Transient cultural influences on infant mortality: Fire-Horse daughters in Japan.

/ / Faculty Research in Asia, Research

CGPH FACULTY: Ralph Catalano

DATE OF PUBLICATION: September 2011

REGION: Asia

REFERENCE: Bruckner TA, Subbaraman M, Catalano RA. Transient cultural influences on infant mortality: Fire-Horse daughters in Japan. Am J Hum Biol. 2011 Sep-Oct;23(5):586-91. doi: 10.1002/ajhb.21174. Epub 2011 Jun 16.

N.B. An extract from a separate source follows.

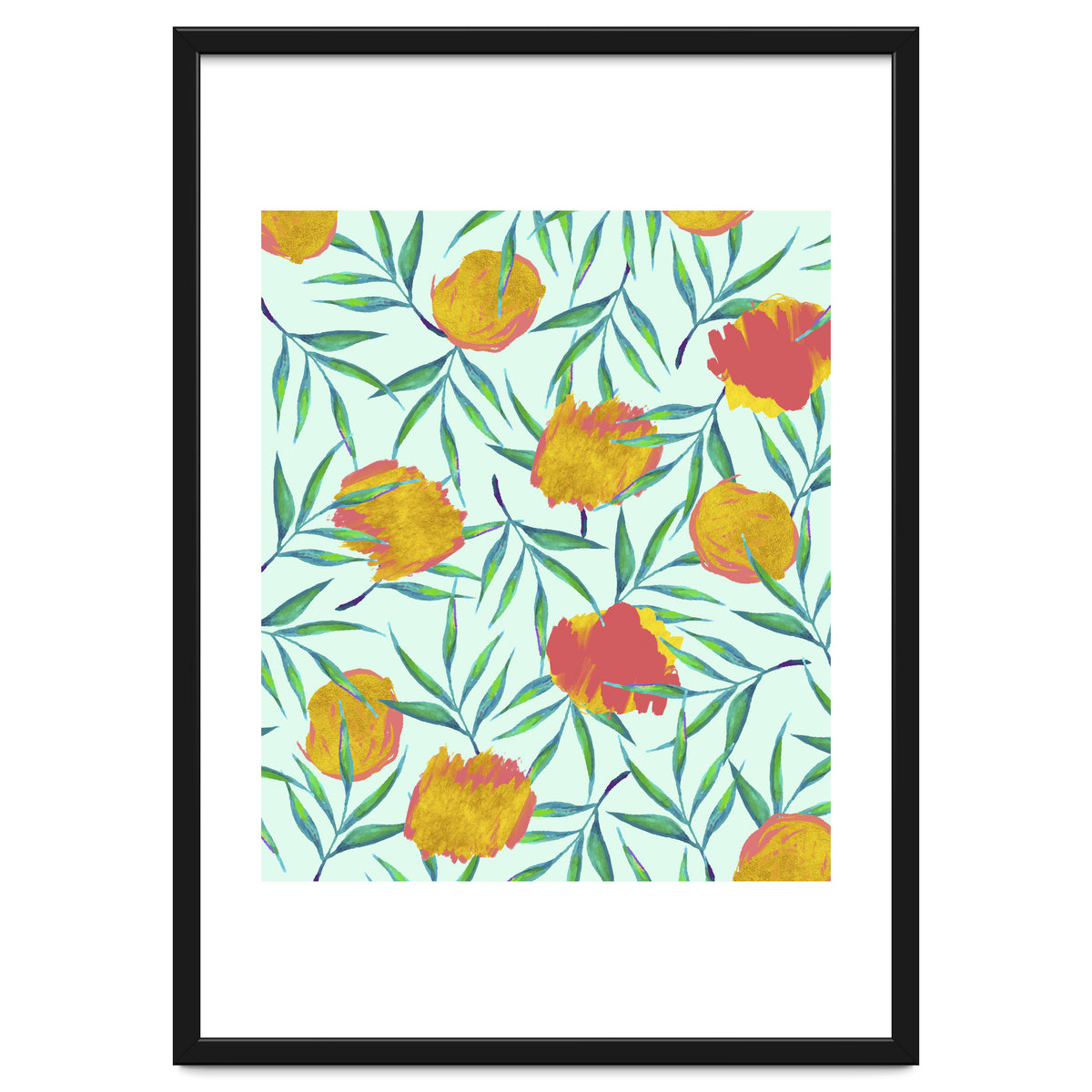 Floraison #society6 #decor #buyart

SUMMARY/ABSTRACT: Parental investment theory suggests that the quality and quantity of parental care depends, in part, on assessments of whether offspring will survive and yield grandchildren. Consistent with this theory, we hypothesize that parental perception that a birth cohort will have low reproductive success coincides with higher than expected infant mortality in the cohort. We test this hypothesis in industrialized Japan in 1966 when cultural aversion to females born in the astrological year of the Fire-Horse may have jeopardized the life of female infants. The discovery of a predictable, acute increase in female infant mortality during the Fire-Horse year supports the relevance of parental investment theory to developed countries. Results should encourage further research on the health sequelae of abrupt, population-level shifts in culture.